この事前準備は、当社に問い合わせいただくための準備ではありません。
理事会での検討段階で幾度となく問われることになる「管理士の必要性」を、自信をもって説明していただくための準備です。
ですので、そこは大丈夫、という方は読み飛ばしてください。

1.管理士の必要性について理解を深める

(1)マンション管理士とは何か

マンション管理士は、資格がなくてもその業務(マンション管理組合向けのコンサルティングサービス)に従事する事はできるが、資格取得者だけが名乗ることができる「名称独占資格」です。つまり、マンション管理士でなくても経験・知識があれば管理組合にコンサルティングサービスを提供することは可能です。

ではマンション管理士は、難関試験を突破するだけの知識があるという単なる拍付けに過ぎないのでしょうか。

「マンション管理士」は相談者=管理組合を保護するため、マンション管理適正化法で様々な縛りを受けています。

①使用失墜行為の禁止

マンション管理士は、管理士の信用を傷つけるような行為をしてはなりません(罰則規定あり)。

②講習の受講

マンション管理士は、最新の知識を身に付けるため、5年毎に登録講習機関で講習を受ける必要があります。

③秘密保持

マンション管理士は、正当な理由がなく、その業務に関して知り得た秘密を漏らしてはなりません(罰則規定あり)。

④名称の使用制限

相談者を保護するため、マンション管理士でない者は、マンション管理士または、これに紛らわしい名称を使用してはなりません(罰則規定あり)。
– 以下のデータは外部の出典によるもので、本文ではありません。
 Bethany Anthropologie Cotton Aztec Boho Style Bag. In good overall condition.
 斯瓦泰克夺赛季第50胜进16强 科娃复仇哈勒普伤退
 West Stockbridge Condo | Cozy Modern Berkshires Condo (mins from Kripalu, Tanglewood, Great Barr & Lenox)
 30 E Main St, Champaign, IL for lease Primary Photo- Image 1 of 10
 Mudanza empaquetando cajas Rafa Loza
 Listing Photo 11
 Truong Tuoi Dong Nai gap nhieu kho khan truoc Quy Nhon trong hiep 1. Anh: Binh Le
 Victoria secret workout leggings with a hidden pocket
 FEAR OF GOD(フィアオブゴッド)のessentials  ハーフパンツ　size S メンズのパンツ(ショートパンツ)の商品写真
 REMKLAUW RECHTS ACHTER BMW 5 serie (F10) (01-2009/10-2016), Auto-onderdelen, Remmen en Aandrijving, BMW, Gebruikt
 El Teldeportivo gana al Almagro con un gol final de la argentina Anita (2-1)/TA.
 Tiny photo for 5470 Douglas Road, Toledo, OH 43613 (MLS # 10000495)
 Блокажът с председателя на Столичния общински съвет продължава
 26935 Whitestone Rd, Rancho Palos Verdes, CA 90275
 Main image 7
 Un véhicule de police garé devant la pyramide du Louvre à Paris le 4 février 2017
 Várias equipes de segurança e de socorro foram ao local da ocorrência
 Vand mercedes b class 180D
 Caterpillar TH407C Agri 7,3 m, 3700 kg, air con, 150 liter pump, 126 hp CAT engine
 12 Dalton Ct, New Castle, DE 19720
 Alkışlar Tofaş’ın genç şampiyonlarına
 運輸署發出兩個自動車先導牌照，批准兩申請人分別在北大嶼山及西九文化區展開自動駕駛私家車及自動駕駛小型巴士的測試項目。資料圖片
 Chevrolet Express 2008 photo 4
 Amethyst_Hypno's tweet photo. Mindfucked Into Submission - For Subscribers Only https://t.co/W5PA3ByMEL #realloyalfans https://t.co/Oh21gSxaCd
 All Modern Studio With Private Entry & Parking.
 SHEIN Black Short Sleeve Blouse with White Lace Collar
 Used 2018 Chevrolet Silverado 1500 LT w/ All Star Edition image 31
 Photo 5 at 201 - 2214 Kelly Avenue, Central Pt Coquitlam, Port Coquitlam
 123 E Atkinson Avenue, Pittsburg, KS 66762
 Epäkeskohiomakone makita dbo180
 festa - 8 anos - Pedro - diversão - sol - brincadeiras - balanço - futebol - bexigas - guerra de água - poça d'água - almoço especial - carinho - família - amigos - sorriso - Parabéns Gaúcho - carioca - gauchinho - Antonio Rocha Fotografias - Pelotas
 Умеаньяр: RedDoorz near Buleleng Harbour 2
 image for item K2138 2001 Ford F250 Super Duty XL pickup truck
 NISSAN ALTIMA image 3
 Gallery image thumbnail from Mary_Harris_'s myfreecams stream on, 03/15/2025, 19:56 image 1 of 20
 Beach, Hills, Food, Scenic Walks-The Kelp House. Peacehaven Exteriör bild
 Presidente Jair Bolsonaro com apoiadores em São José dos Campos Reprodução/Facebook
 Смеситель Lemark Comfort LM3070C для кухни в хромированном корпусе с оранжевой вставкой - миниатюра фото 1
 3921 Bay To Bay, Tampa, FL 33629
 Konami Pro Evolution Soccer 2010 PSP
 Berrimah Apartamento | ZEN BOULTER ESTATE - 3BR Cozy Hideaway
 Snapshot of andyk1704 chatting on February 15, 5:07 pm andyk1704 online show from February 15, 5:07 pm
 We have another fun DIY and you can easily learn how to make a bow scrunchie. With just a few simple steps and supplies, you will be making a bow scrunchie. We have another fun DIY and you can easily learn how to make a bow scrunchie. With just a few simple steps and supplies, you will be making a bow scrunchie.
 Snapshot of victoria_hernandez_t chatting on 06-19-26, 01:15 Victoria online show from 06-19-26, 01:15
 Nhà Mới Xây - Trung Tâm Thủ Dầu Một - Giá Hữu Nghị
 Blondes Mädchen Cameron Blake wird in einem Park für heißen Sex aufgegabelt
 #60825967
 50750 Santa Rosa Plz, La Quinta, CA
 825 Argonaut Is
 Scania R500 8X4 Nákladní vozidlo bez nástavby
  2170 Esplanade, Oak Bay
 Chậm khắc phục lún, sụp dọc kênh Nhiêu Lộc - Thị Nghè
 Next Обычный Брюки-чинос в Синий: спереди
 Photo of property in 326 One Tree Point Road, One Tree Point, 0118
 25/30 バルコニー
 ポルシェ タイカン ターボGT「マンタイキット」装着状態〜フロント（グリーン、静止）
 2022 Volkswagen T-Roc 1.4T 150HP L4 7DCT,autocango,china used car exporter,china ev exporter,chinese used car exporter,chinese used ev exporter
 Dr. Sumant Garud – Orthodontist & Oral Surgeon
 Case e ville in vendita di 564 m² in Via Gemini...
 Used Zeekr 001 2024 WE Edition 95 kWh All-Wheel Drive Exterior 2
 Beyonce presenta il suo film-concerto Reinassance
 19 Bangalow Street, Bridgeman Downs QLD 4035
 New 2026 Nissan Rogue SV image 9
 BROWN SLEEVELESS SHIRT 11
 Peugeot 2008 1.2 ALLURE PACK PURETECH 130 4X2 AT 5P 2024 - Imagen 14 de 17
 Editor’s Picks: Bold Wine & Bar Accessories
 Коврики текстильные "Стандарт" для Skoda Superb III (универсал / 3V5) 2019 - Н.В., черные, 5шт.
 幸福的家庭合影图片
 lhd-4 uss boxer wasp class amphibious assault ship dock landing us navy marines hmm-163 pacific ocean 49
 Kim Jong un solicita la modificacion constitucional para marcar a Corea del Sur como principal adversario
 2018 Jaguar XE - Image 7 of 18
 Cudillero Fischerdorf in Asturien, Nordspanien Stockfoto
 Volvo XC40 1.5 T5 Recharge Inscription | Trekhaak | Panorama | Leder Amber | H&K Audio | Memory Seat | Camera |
マンション管理組合は、多くの居住者の財産を預かりながらその大半が主体的な管理のなされていない特殊な団体です。そこに目を付けて寄ってくる数々の悪質な業者から管理組合を保護することは一連の制度の主旨でもあり、その役割を担うマンション管理士自ら管理組合を食い物にすることがないよう、厳しく法律で縛っているというわけです。

管理組合向けの商品やサービスを提供している業者もコンサルタントやアドバイザーを名乗って管理組合に近付いてきます。それらの業者が良心的かどうか、答えの出ない問題に頭を悩ませるぐらいなら、最初から管理組合の立場に立つことが約束されているマンション管理士のサポートを受けて最適な業者を選ぶ方が間違いないでしょう。

(2)国家資格「マンション管理士」誕生の特殊な背景

マンションのストック数が年々増加し、マンション管理組合と管理業者との間でトラブル、紛争、訴訟が頻発するようになってきたことを受け、平成13年8月に『マンション管理適正化法』が施行され、その中でマンション管理士という国家資格が定められました。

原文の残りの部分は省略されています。